One of the things that developing traders struggles with is trade management. A lot of time, the traders are good at identifying the market direction and even picking out good entries. However, as the trade progresses they get anxious. Either they hold on to the trade too long and give back all the profits or they get out too early, leaving money on the table.
How do I know this? Because I have been there myself J. I struggled with this for a long time. I would pick good entries but just didn’t know how to exit trades. I would get out of a really good trade early and then beat myself up when I saw the trade go another 100 or more pips in my direction. Other times, I would sit there and watch as my trade went from being profitable to break even and then turn into a loss, not knowing when to call it quits and get out. If you’ve done this, you know, it’s not a fun place to be.
I don’t believe we have to squeeze every penny out of the trade. However, we do need to maximize our profits and let our winners run. The question is…how we do that? Let me share one of the techniques that I have learned (from Chris Lori) for effective trade management that has proved highly effective for me. (Chris Lori is a Professional Fund manager. You can learn more about him and his offerings here).
This technique is about managing your trades using fractals. Fractals are the smaller areas of consolidation that form within the larger support and resistant zones. I won’t go into how to find good trade entries in this post. That’s a topic for another discussion. Here we’ll talk about managing your trade once you have entered the trade.
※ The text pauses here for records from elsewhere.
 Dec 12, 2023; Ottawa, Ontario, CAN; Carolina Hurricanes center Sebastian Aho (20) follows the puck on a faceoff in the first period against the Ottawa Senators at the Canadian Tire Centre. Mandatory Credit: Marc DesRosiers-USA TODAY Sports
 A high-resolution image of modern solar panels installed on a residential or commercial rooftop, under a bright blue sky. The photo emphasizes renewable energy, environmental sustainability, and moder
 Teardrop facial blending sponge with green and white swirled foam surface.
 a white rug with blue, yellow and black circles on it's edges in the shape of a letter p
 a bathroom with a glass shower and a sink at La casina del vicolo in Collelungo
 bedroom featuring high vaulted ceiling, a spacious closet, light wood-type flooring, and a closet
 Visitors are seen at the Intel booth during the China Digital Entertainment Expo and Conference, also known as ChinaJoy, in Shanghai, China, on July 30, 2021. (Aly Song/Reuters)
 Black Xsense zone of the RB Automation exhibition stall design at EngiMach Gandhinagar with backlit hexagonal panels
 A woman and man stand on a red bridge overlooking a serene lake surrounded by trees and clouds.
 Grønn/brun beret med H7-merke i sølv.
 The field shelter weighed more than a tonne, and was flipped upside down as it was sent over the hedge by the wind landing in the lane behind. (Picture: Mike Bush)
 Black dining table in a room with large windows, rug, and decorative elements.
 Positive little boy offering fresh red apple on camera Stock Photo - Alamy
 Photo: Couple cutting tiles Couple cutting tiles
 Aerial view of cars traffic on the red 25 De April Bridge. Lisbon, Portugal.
Let’s do this by walking through a trade I took recently. Below is a screenshot of the trade. The green dotted line is where I entered the trade. Based on my market analysis, this was a good place to enter the trade. I placed my stop above the apex (the red dotted line at the top of the chart).
As you can see on the chart that I marked up, my initial stop is at “0”. Once the price started moving in my direction and broke through to close below the support level at 1.2484, I moved the stop to the placed marked by “1”. The price then went up, retested the 1.2484 level, got rejected and moved further down, forming a fractal in this area. I then moved the stop to position “2”. The price came back, tested the backside of this fractal (marked by the yellow line) and then moved further down. As the price kept moving lower, I moved my stop along with it.
Once the price moved below the 1.2444 support level, it started forming a fractal here (consolidating between 1.2435 and 1.2444). As the price broke through and held below 1.2435, I moved the stop to number “5” position. The price came back and re-tested the backside of this fractal but got rejected. As the price held below this area, I moved my stop to the number “6”position. At this point, we were heading into the end of the day and liquidity was drying up as can be seen from all the small candles here. I closed my trade at 1.2421. An alternative would have been to move the stop to “7” position and let the trade run. The stop would then have been hit in the London session, closing the trade.
The main point that I’d like to make here is to look for fractal formations and use these in deciding where to place your stops. Most of the time, the price will move in a staircase fashion, forming fractals between legs down. Look for these areas where price takes a breather before moving further and place your stops outside of these areas. This will provide a good framework for placing your stops and take the guesswork out of trade management. The more you practice this, the easier it’ll be to see the fractals and price behavior around the fractals.